Your instructions — Output the lines of the records exactly, from the first through the one containing "Джинсовое платье". Omit all pictures.

Brief descriptive captions —

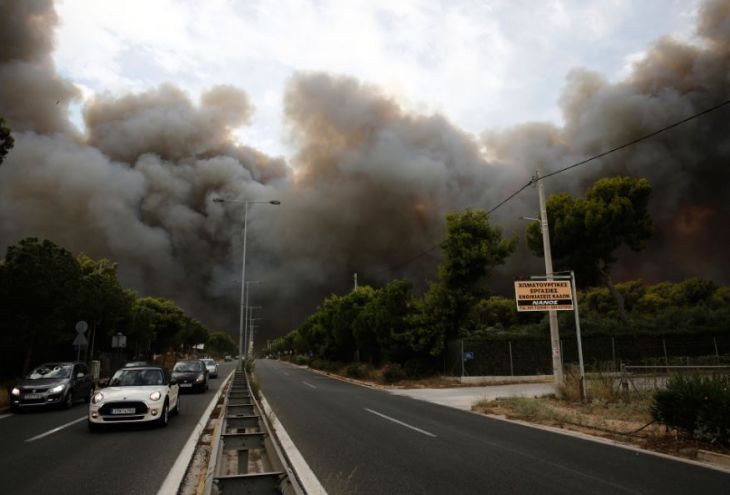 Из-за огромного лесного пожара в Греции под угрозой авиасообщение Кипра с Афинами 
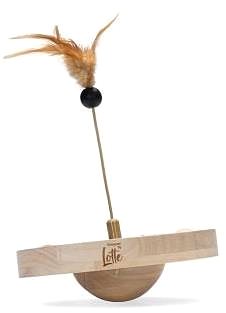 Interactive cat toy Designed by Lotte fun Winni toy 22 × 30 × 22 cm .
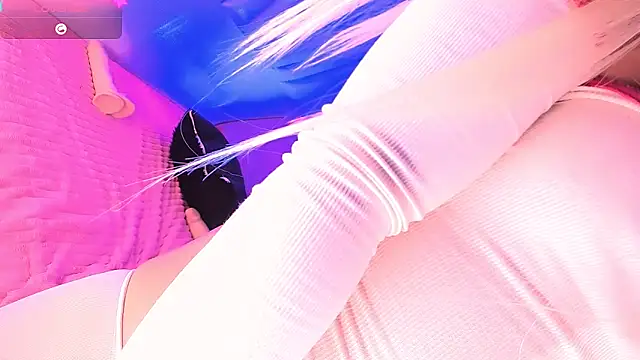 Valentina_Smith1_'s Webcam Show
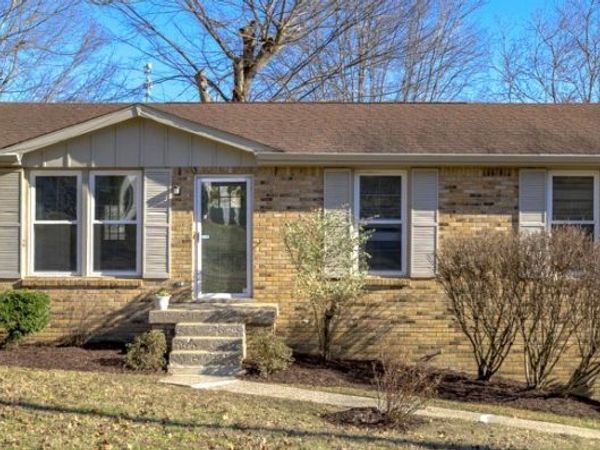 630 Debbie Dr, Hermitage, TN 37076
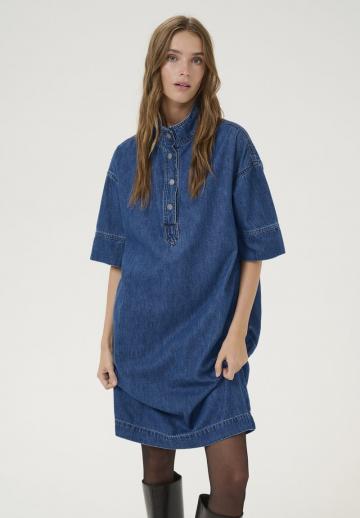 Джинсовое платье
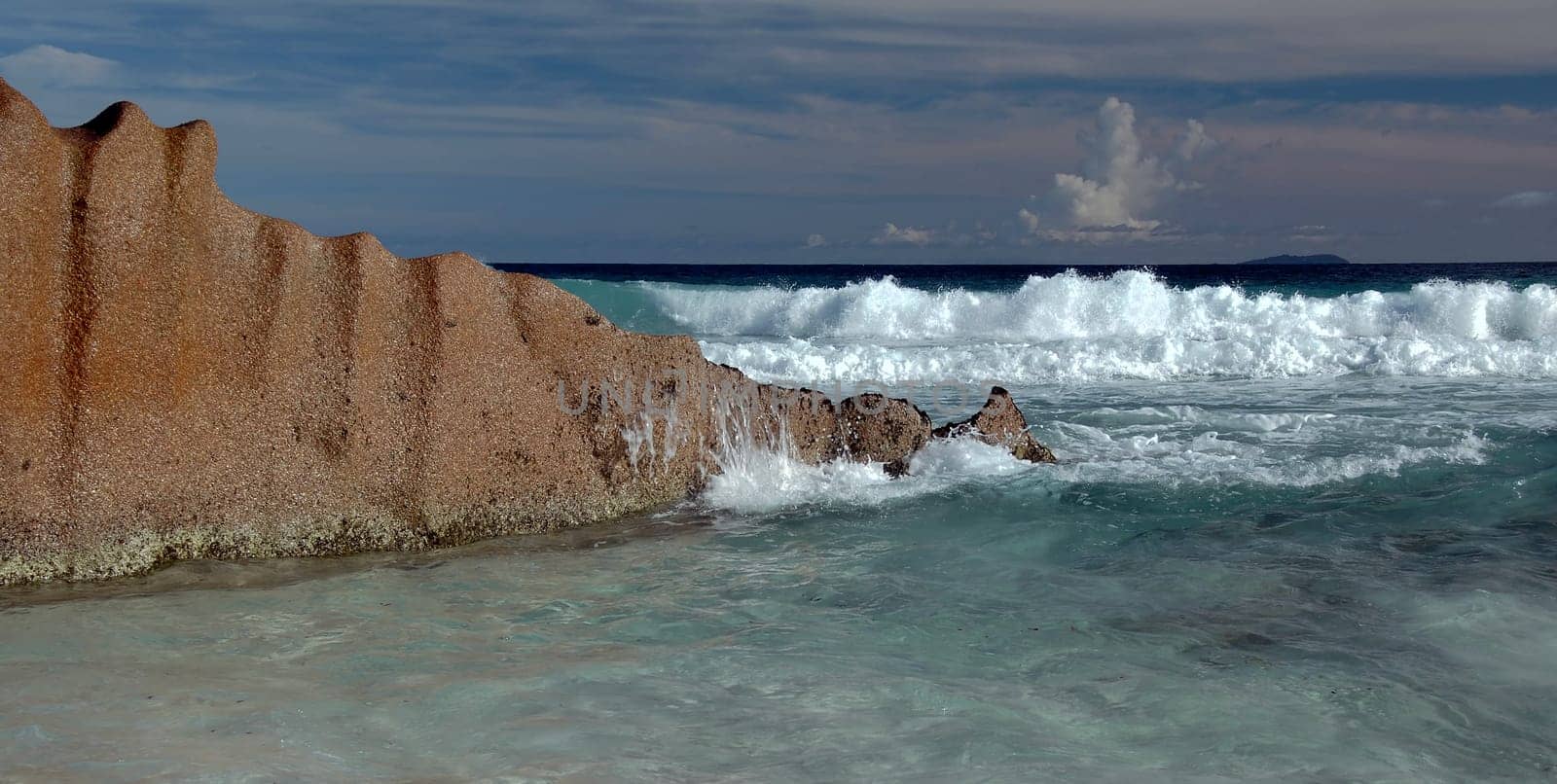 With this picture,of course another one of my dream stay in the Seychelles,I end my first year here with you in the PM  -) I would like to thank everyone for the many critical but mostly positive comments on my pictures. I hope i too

Result —
 Из-за огромного лесного пожара в Греции под угрозой авиасообщение Кипра с Афинами 
 Interactive cat toy Designed by Lotte fun Winni toy 22 × 30 × 22 cm .
 Valentina_Smith1_'s Webcam Show
 630 Debbie Dr, Hermitage, TN 37076
 Джинсовое платье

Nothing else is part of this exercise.